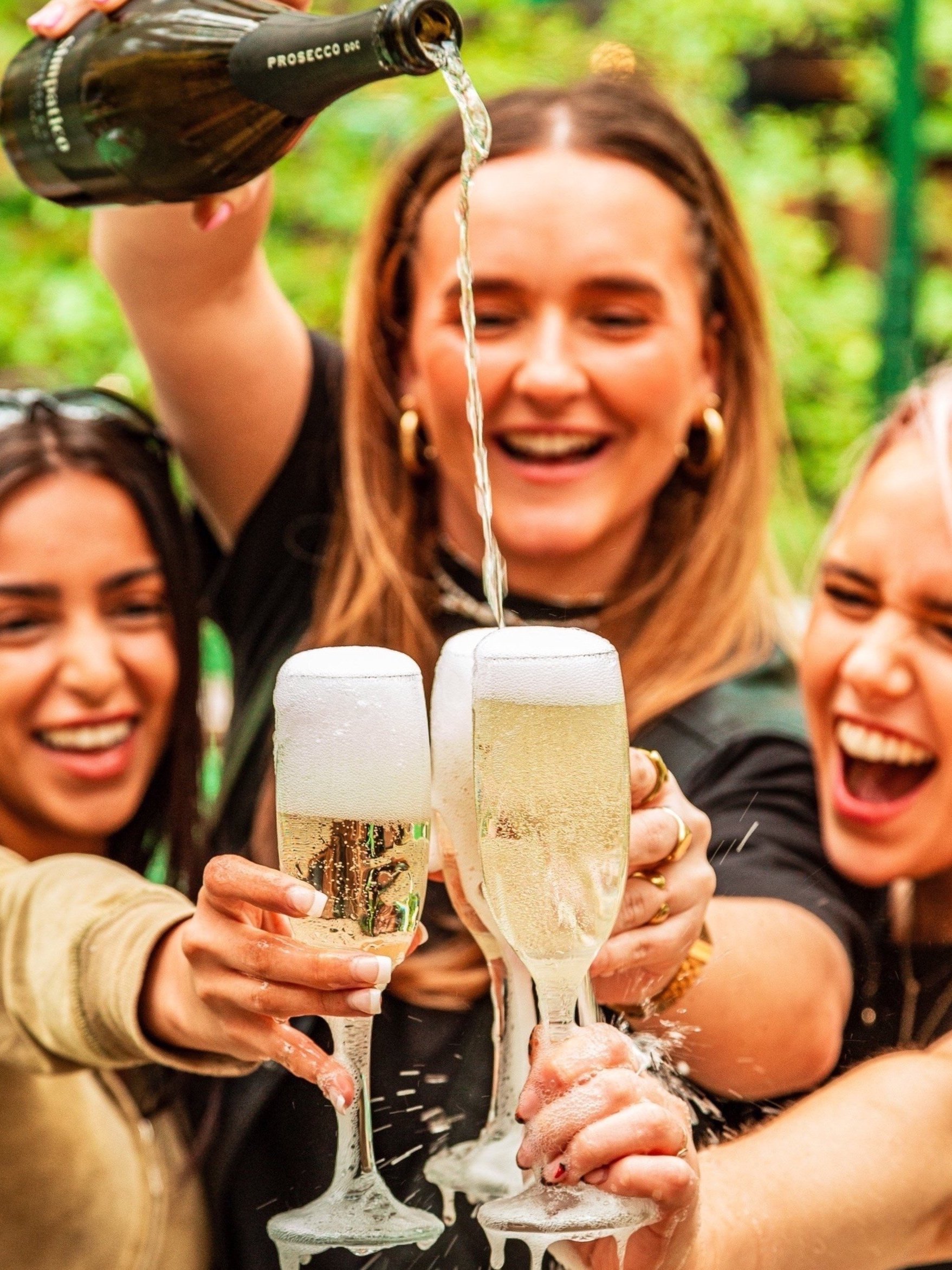 A group of friends celebrating and toasting with glasses of champagne, with one woman pouring champagne from a bottle labeled 'Prosecco DOC'.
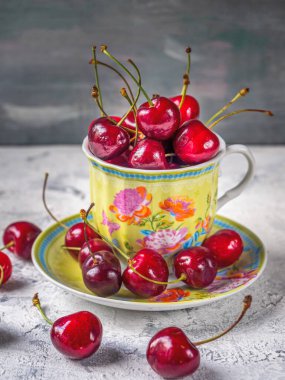 Sweet cherries in a mug with a floral pattern on a saucer on a light table close-up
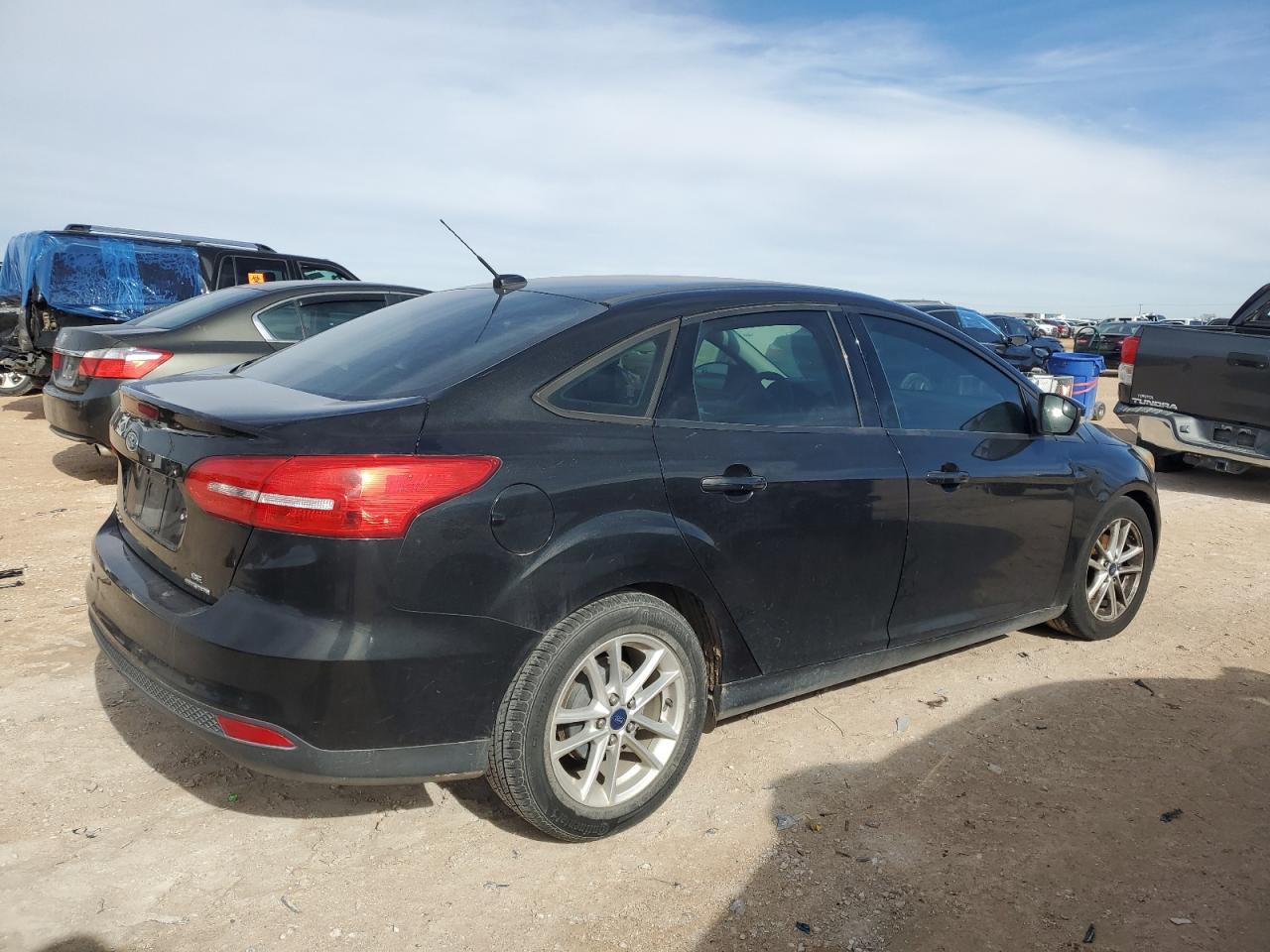 Image 3 of 2015 FORD FOCUS SE 2015 with VIN 1FADP3F24FL230435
- - -
● WHAT YOU ARE ASKED TO DO:
The material above should be returned exactly, without pictures.

● TASK SOLUTION:
 A group of friends celebrating and toasting with glasses of champagne, with one woman pouring champagne from a bottle labeled 'Prosecco DOC'.
 Sweet cherries in a mug with a floral pattern on a saucer on a light table close-up
 Image 3 of 2015 FORD FOCUS SE 2015 with VIN 1FADP3F24FL230435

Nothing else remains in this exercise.